Image of Gehlen Class of 1960 reunion for Project Talent

Project Talent is an AIR-designed national longitudinal study that first surveyed America’s high school students in 1960. Project Talent is the largest and most comprehensive study of high school students ever conducted in the United States and is now the largest and longest longitudinal life course study. More than 400,000 students from 1,353 private, parochial, and public schools from every corner of the country and all economic, cultural, and social backgrounds participated in a two-day battery of tests and questionnaires. The study followed the students, collecting new data at 1, 5, and 11 years after their high school graduation to better understand what experiences and influences helped prepare them for careers and life after high school. Additional studies focusing on racial disparities, economic mobility, and twins continued until the original participants were in their 40s. 

project talent logoAs study participants move into retirement, Project Talent has become a resource for understanding the aging process, allowing participants to continue involvement in this remarkable and historic study. The National Institute on Aging, for example, has funded several studies, including the Project Talent Aging Study, a major life course study that is providing information about age-related brain and cognitive changes by following 22,500 of the original Project Talent participants. Understanding early life factors that contribute to the retention or deterioration of brain and cognitive functioning in older age can help policymakers determine targets for health promotion interventions. Project Talent, with its unique size, demographic diversity, and comprehensive data from 1960 and beyond, offers an unprecedented opportunity to understand the factors that influence the aging process. Current research focuses on three areas:

  • Alzheimer’s Disease and Related Dementias (ADRD) – Our primary focus on dementia has the broad goal of identifying adolescent antecedents, resilience factors, and life-course mechanisms for Alzheimer’s Disease and related dementias and later life health and cognition.  
  • Health Disparities - Our second focus includes research on population-level differences in health status and life expectancy. Socioeconomic adversity in early life is a risk factor for poor brain health in later life, but some individuals are resilient, achieving better-than-expected outcomes despite facing early life adversity. The mechanisms of resilience, as well as the causal pathways between early life adversity and later life brain health, are unclear, but educational experiences are very likely critical. Our research will evaluate the role of school quality and racial disparities in promoting resilience to early life adversity.
  • Mortality and Morbidity - Our third focus includes research about the role individual traits play in socioeconomic mortality and morbidity differentials across the life course.
AIR’s PROJECT TALENT WORK
  • Project Talent (PTBY, PT1, PT5 and PT11): The nationally representative longitudinal study data file includes 377,016 records of students who were in high school in 1960; includes substantial minority representation and measures aptitudes and abilities, cognition, personality, interests, expectations, aspirations, individual and family background, and socioeconomic status.
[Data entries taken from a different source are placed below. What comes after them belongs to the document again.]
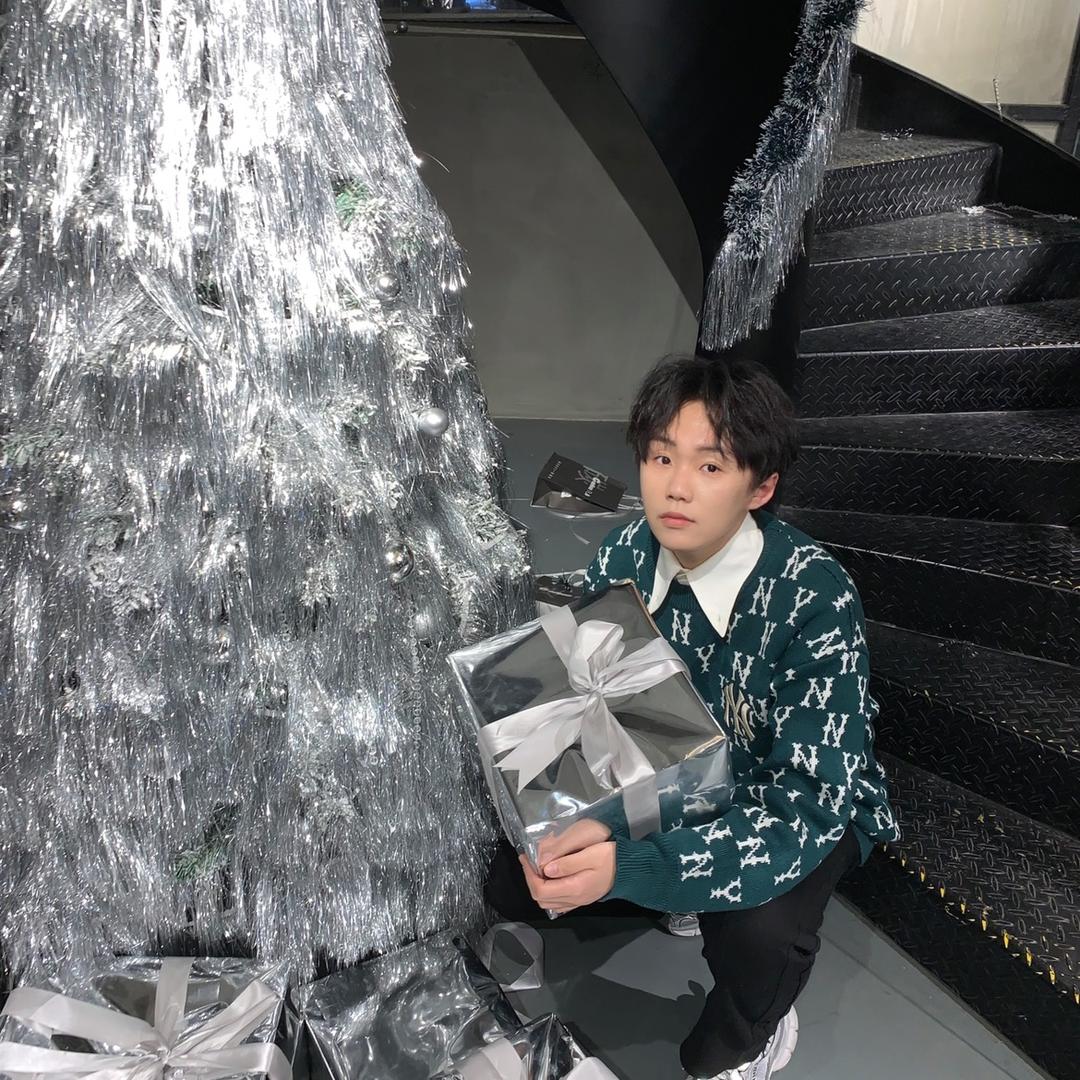 梅知伊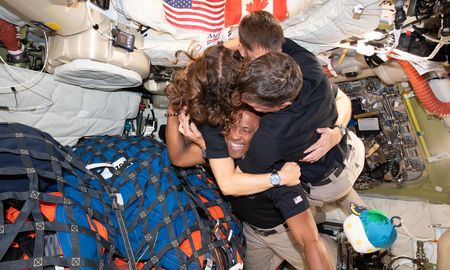 (7 de abril de 2026) – La tripulación de Artemis II: la especialista de misión Christina Koch, el especialista de misión Jeremy Hansen, el comandante Reid Wiseman y el piloto Víctor Glover, se dan un abrazo grupal dentro de la nave espacial Orión de camino a casa. (7 de abril de 2026) – La tripulación de Artemis II: la especialista de misión Christina Koch, el especialista de misión Jeremy Hansen, el comandante Reid Wiseman y el piloto Víctor Glover, se dan un abrazo grupal dentro de la nave espacial Orión de camino a casa.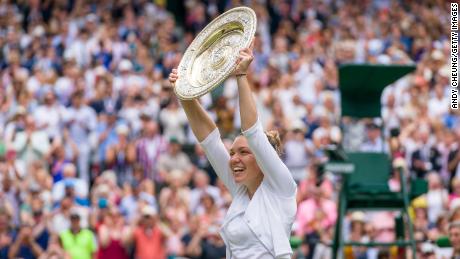 Simona Halep was unable to defend the Wimbledon title she won in 2019 due to an injury-plagued 2021.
The sample includes 4,481 twins and triplets from 2,233 families, and 84,000 siblings from 40,000 other families. Information was also collected from principals and guidance staff, including information about the school, guidance programs, and community characteristics. Follow-up surveys were conducted until the students were approximately age 30.
  • The Project Talent Aging Study (PTAS18) includes a core survey and cognitive assessment that includes information on a range of factors related to well-being among older adults, including psychosocial and lifestyle factors, health, cognitive status, family background and connections, employment, and socioeconomic status.
  • The Project Talent Biobank (PTBio) can help researchers better understand how family and school environment, education, and other factors contribute to later life health and wellness. The Biobank includes the collection of biological specimens (saliva) from approximately 1,500 randomly selected Project Talent participants. Biomarkers may help predict health outcomes, including dementia.
  • Project Talent Pilot Study (PTPS12): Pilot study to assess the feasibility of revitalizing Project Talent after 30 years of non-contact. The study included 4,159 cases representative of the 1960 base year sample. Surveys were mailed to individuals and included consent forms for linking to Social Security Administration earnings and benefits data. The study included three experiments to test the effectiveness of pre-paid incentives, a test of logos on the envelope, and a test of incentives.
  • Project Talent Twin and Sibling Study (PTTS16): This study includes 4,481 multiples and their 522 non-twin siblings from 2,233 families. This study is both genetically informative and unique in facilitating separation of the “common” environment into three sources of variation: shared by all siblings within a family, specific to twin pairs, and associated with school/community-level factors. Data file released November 2018.
  • The Project Talent Personality Inventory is a reliable and validated set of personality scales measured in 1960 and useful for researchers interested in life-course outcomes, such as mortality, occupational success, relationship success, and health. The inventory’s 10 subscales are mapped to the Big Five personality traits—openness, conscientiousness, extraversion, agreeableness, and neuroticism.
  • The Project Talent Mortality Registry tracks mortality and cause of death of Project Talent participants with ongoing linkages to the National Death Index. This study includes linked PT60 data for 82,232 individuals. The purpose of the study is to examine the role individual traits play in socioeconomic mortality differentials across the lifespan. This study can leverage the large size and scope of Project Talent to identify health disparities among the aging population.
  • Administrative Linkages: Project Talent data are linked at the individual level to several sources of administrative data.
    • For information about health and health care utilization, Project Talent data are linked to Medicare records from the Centers for Medicare & Medicaid Services. Project Talent Medicare (PT-MED) includes linked PTBY data for 143,698 participants to 2012-2013 Medicare claims and expenditures data. The linked file offers the opportunity to study the relationship between adolescent characteristics and a range of public health outcomes in 2012-13 when the study participants were in their mid-60s. The Medicare claims and expenditure data included in PT-MED include the Master Beneficiary Summary File, Research Identifiable Files Medicare Claims Files, Assessment Files, and the Vital Status File.
    • The 2012 Project Talent Pilot Study was linked to administrative records of the Social Security Administration earnings and benefits histories for approximately 2,000 individuals
    • In the next few years, the parents of Project Talent participants will be linked to their 1940 Census data and PT60 will be linked to the 1950 Census data. 
  • Project Talent Contextual Databank: Project Talent data are linked geographically to a broad range of social and environmental data including preschools, high school and neighborhood characteristics, Census, and air and water quality indicators.
Project Talent website
Related Publications

Chapman, B.P., Huang, A., Peters, K., Horner, E., Manly, J., Bennett, D.A., & Lapham, S. (2019). Association Between High School Personality Phenotype and Dementia 54 Years Later in Results from a National US Sample. JAMA Psychiatry.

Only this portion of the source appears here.